Slashdot Mirror


The Next Keurig Will Make Your Coffee With a Dash of "DRM"

FuzzNugget writes "Apparently seeking to lock competitors out of the burgeoning single-serve coffee market, Green Mountain Coffee Roasters, maker of the popular Keurig coffee machines, will make their new machines work with licensed pods only. GMCR's CEO confirmed this in a statement: 'The much-anticipated ‘Keurig 2.0’ single-cup brewing system with ‘interactive readability’ (that doesn’t work with unlicensed/copycat pods) will offer such “game-changing functionality” that consumers - and unlicensed players - will want to switch.'"

4 of 769 comments (clear)

  1. Why? by B33rNinj4 · · Score: 5, Interesting

    Is it really so hard to just grind the beans and brew it yourself? I do this every morning.

    1. Re:Why? by roc97007 · · Score: 4, Interesting

      Downside : a normal coffee brew process generates 6-12 cups of Joe.

      I guess we could all switch to a press ... but that's a bit messy and requires a stand alone heating method (I've not the space to keep a proper tea kettle on my office desk)

      Keurig provides a clean single-cup solution

      It creates a lot of waste, though. Trendy, but not very green. Kind of like the personal electronics industry.

      --
      Oliver's law of assumed responsibility: If you're seen fixing it, you will be blamed for breaking it.
    2. Re:Why? by carlhaagen · · Score: 4, Interesting

      It's about the cost, not the coffee or the effort. High price tags attract people who suffer the "spender syndrome" - dishing out a lot of money on something even plain or generic gives these people a feeling of being above the average, being set aside from the rest of us, of enjoying something that is "exclusive" only to their kind.

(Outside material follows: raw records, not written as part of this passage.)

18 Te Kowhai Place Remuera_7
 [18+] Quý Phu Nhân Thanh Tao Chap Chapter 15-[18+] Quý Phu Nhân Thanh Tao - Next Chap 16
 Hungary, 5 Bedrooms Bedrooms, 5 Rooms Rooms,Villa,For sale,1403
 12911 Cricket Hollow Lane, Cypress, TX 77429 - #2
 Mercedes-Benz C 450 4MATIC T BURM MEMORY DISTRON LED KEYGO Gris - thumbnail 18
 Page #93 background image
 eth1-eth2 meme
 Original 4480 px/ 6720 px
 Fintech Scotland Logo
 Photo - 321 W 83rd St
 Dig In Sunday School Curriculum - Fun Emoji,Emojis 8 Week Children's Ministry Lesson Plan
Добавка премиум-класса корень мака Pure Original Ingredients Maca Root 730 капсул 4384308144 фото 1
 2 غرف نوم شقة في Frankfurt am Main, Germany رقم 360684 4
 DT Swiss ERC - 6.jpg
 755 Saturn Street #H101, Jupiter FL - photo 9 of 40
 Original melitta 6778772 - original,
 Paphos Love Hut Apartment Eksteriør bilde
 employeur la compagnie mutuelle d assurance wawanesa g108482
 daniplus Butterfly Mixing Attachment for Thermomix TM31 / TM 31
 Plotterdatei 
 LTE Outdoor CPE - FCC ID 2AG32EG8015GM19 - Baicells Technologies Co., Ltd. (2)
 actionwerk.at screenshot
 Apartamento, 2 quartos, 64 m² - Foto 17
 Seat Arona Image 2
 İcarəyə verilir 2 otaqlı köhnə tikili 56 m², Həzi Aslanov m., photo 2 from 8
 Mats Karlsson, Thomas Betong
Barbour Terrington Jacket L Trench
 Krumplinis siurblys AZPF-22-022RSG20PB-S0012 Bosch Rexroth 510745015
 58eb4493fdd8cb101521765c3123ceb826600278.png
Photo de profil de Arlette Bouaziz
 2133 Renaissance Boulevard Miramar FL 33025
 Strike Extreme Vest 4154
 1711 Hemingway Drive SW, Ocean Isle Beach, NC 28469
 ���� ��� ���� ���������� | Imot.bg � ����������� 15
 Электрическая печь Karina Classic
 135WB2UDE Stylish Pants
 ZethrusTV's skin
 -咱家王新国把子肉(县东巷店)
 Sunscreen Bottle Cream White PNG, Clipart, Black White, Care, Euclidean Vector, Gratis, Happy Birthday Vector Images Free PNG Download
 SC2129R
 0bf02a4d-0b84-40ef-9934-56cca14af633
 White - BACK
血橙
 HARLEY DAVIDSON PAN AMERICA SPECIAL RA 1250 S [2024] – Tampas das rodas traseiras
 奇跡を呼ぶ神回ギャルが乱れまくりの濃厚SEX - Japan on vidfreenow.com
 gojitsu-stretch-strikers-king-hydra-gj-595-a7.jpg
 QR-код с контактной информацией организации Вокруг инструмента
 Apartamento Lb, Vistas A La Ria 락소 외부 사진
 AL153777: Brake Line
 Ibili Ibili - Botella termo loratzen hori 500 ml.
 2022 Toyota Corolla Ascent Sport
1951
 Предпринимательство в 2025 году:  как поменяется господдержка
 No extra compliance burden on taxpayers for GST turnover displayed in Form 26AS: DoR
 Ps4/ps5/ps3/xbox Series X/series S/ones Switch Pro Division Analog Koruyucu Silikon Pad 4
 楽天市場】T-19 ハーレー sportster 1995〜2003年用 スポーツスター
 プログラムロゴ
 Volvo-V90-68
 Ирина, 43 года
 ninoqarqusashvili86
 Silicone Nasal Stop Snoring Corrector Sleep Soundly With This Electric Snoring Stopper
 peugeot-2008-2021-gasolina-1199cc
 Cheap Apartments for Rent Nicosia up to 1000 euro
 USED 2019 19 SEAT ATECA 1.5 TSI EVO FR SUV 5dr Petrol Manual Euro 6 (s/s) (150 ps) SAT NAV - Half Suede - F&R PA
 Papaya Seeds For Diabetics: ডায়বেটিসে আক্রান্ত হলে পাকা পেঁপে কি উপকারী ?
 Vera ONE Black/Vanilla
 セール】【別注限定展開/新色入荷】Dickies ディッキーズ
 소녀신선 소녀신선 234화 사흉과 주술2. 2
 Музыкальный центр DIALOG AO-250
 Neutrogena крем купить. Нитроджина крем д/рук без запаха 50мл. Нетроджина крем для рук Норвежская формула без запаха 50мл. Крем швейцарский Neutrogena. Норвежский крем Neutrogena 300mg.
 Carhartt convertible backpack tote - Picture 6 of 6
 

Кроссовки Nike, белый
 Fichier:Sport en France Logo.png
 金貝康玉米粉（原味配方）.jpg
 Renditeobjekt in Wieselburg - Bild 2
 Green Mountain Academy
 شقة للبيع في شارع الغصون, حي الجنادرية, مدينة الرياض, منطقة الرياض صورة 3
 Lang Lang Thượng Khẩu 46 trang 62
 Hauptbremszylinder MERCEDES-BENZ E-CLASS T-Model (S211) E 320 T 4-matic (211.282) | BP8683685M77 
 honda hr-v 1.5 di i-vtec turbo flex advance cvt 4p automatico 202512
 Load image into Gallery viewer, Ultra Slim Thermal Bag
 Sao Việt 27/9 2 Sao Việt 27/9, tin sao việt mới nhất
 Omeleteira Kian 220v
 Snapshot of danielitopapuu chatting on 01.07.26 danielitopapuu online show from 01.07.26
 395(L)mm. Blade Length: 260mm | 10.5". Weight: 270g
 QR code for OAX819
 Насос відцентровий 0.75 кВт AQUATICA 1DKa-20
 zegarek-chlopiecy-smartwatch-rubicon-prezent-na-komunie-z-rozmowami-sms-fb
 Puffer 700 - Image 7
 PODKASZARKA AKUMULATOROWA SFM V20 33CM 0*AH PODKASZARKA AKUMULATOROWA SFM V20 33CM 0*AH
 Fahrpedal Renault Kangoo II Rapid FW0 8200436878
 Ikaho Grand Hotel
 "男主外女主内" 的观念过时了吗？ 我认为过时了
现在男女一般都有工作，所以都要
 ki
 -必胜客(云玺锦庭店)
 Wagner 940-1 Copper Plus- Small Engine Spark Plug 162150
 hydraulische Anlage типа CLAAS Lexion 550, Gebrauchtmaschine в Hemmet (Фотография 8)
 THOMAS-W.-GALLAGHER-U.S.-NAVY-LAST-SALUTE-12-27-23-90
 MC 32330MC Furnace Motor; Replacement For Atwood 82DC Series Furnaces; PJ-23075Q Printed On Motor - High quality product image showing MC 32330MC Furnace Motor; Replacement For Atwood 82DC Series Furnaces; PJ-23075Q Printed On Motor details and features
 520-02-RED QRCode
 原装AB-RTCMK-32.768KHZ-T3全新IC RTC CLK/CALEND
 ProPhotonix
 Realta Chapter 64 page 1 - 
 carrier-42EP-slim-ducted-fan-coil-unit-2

      It's like when you find the exact same piece of generic furniture sold at (but not designed by) IKEA in some upstreet furniture shop - IKEA would call it "ROBUST" (or whatever) and sell it for $89, while the other "boutique" will call it "Multimedia bench in Nordic pinewood" at thrice the pricetag. People with money will buy it, and they will feel like they did a better deal than paying $89 at IKEA. It's one of the oldest tricks in the book of retail.

  2. That $30 Mr. Coffee Espresso maker... by Anonymous Coward · · Score: 5, Interesting

    That $30 Mr. Coffee espresso maker that breaks down after two years actually makes better economic sense. I amortized the busted unit over two years (sometimes longer) and achieved $0.57/shot espresso. Keurig can suck it.